Saint Anthony of Padua: [born in Lisbon, Portugal; much honoured in Padua, Italy]. He lived in the early 13th century. When heretics poked fun at him, he spoke to the fishes, who raised their bodies out of the water to listen to hm. A heretic challenges St. Anthony to likewise influence his donkey. The heretic was to starve the donkey for three days, after which the donkey would be set free to either go to a pail of his favourite fodder held by his heretical owner, or to go to St. Anthony holding the Eucharist. While the donkey fasted for three days, St. Anthony fasted and prayed for three days. On the appointed day of the challenge, St. Anthony spoke to the donkey: “I command you to come here to adore God, so that it will give truth to all of the Real Presence of Jesus in the Eucharist”. The donkey ignored the pail of tempting fodder and walked over to St. Anthony holding the Body of the Christ; he knelt down on both legs and lowered his head in reverence. St. Anthony blessed the donkey, which then arose and went across and ate all the fodder.

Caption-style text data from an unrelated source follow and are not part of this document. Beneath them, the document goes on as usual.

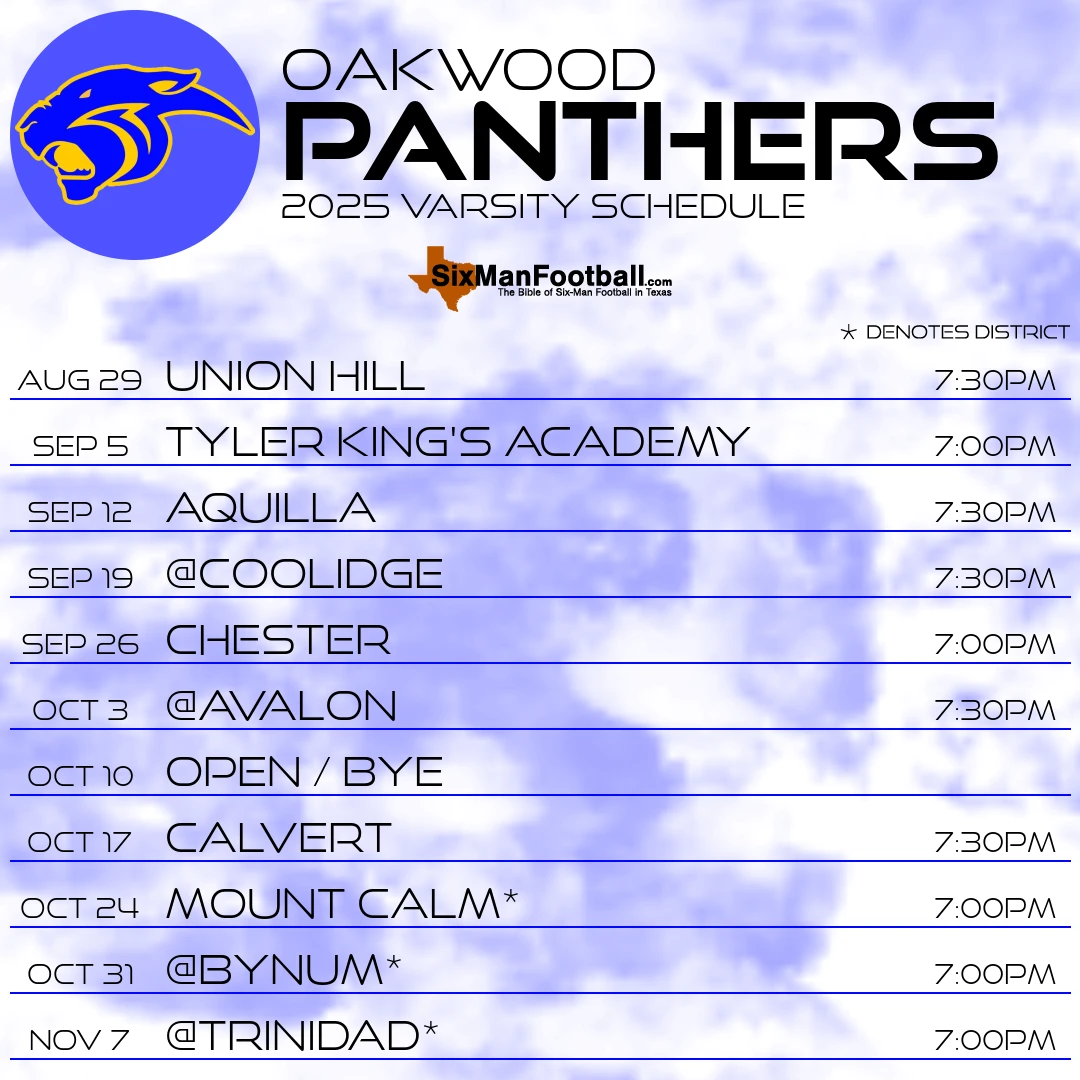 Oakwood Panthers 2025 football schedule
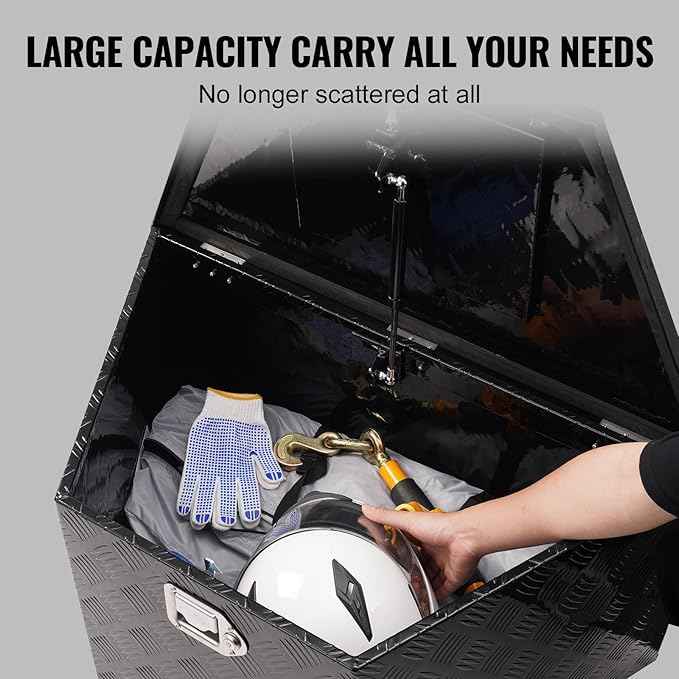VEVOR Trailer Tongue Box, Heavy Duty Trailer Tongue Tool Box Storage Organizer with Lock & Keys, Utility Tool Chest for Pickup Truck Bed, RV, SUV, Off-Road Vehicle, Aluminum, 33" x 19" x 18", Black
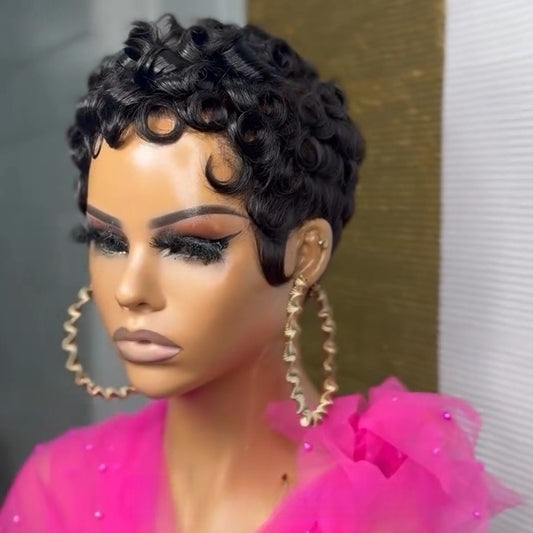 Glueless Full Lace Curled Pixie Wig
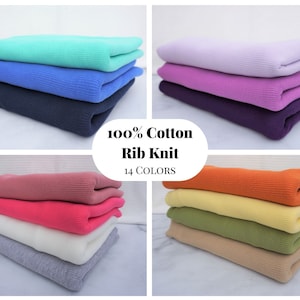 Rib Knit 100% Cotton Fabric 12 COLORS | 60 inch width Baby Rib 1x2 | Sold by Half Yard or 1 Yard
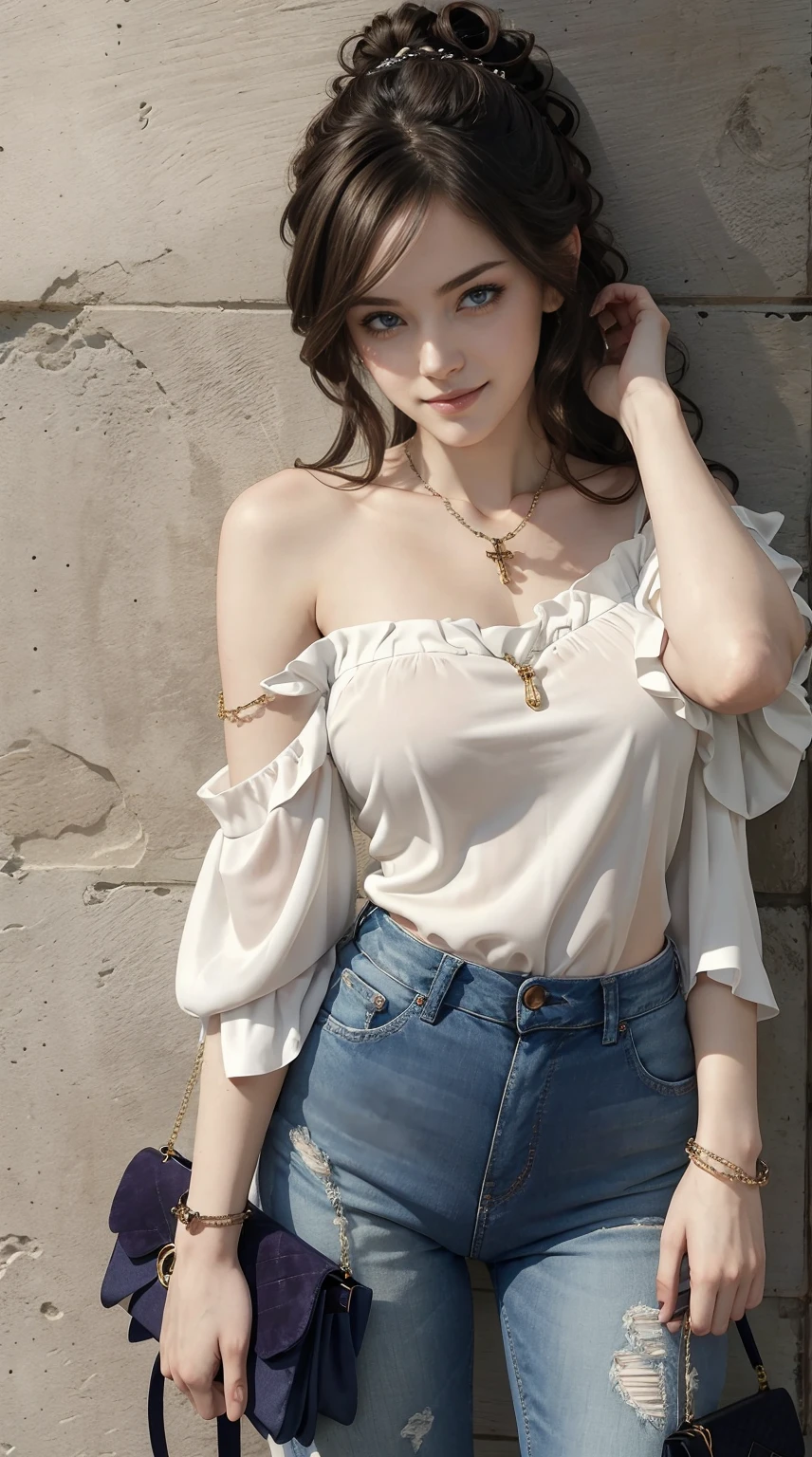 26 year old white woman、Hair is brunette、Eye color is blue、Longhaire、Slender but well-proportioned muscular body、She is wearing a frilly one-shoulder top.、wearing skinny jeans、wearing a rosary necklace、accessories on the wrist、setting hair、a smile、I have a clutch bag、I am in front of a wall with wall art written on it.、I&#39;m so excited、I'm pulling my hair up、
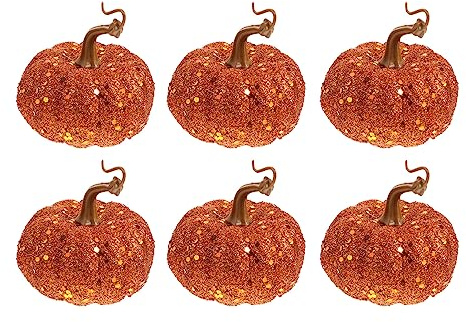 SEWACC 6 Piezas Calabaza De Espuma De Simulación Mini Adornos De Halloween para Árbol Pequeño. Mini Calabazas Adornos De Árbol De Calabaza Pequeña Decoración Ornamento Calabaza Falsa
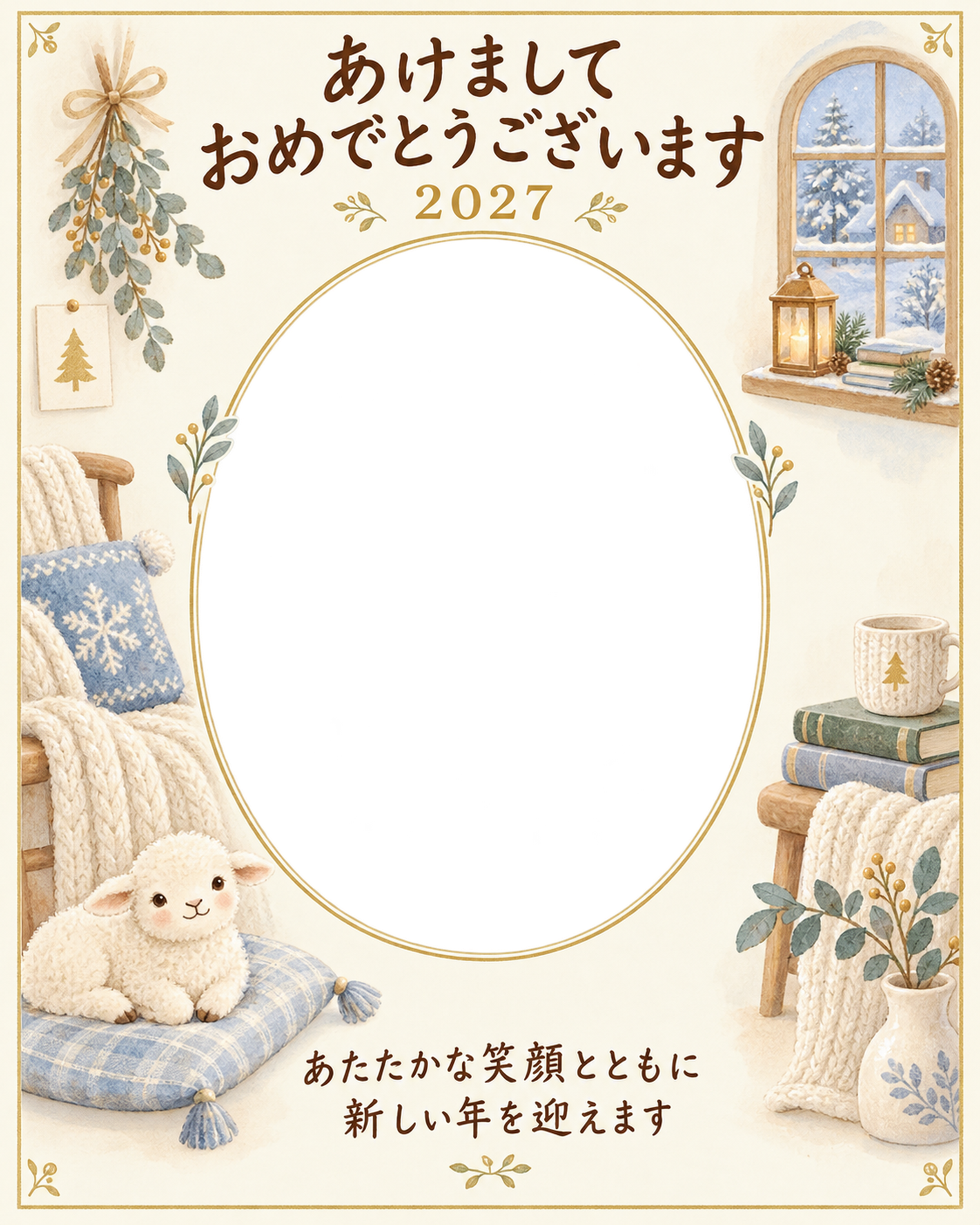 縦長の冬の窓辺の写真年賀状｜赤ちゃんと羊の無料イラスト素材 99058に写真・文字を入れる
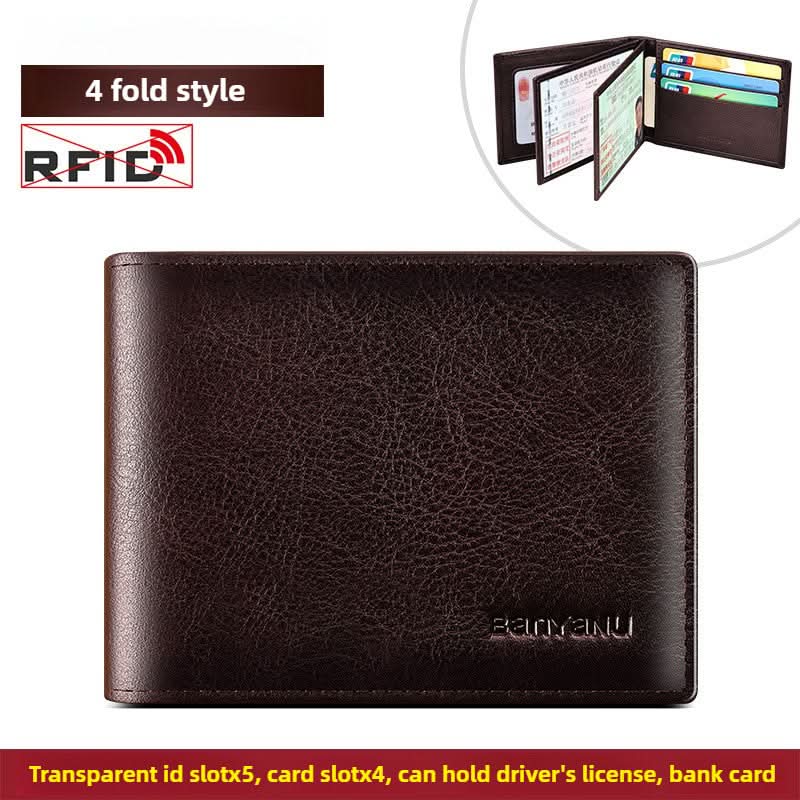 Men's High-grade Leather Driver's License Protective Card Holder Driving Documents 2-in-1 Body Card Case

Saint Clare of Assisi, Italy: Sarasen mercenaries threatened the nuns in the Convent of San Damiano, where St. Claire lay ill. St. Claire took the Monstrance and pleaded with Our Lord to protect the nuns and also the city. A sweet voice told her that it would be done. The mercenaries just turned away from the convent gates.
Saint Catherine of Sienna, Italy: She was a special friend of Jesus. She was not formally educated, but is yet one of the women doctors of the Church. She was given the gift of holding the Baby Jesus in her arms, presented to her by Our Lady. She was given the gift of ecstasies of the levitation many times. She was given the special gift of drinking the Blood of Jesus from His side, after this she couldn’t eat any more.
She was neither hungry nor could she retain anything other than the Sacred Species in her stomach, yet she was full of energy and very active.
Saint Nicholas of Flue, Switzerland: He was a soldier and statesman and the father of ten children. At 50 years of age he set his house in order and leaving his home and family, became a religious hermit. At the very start of his ministry, one night, he suffered severe cramps in his stomach while sleeping beneath a tree. Praying intently, he accepted whatever the Lord’s will would be. After a while, the pain subsided, but from that time till the end of his life, he lost all desire for food or drink. He could retain nothing except the Body and Blood of Jesus in the Eucharist.
Saint Anthony Mary Claret, Spain : In his autobiography we read: “On 26th of August, 1861, while I prayed in the Church of the Rosary, in Granja, at seven o’clock, the Lord granted me the great grace of the conservation of the Sacramental Species and of always having, day and night, the Blessed Sacrament within my breast.”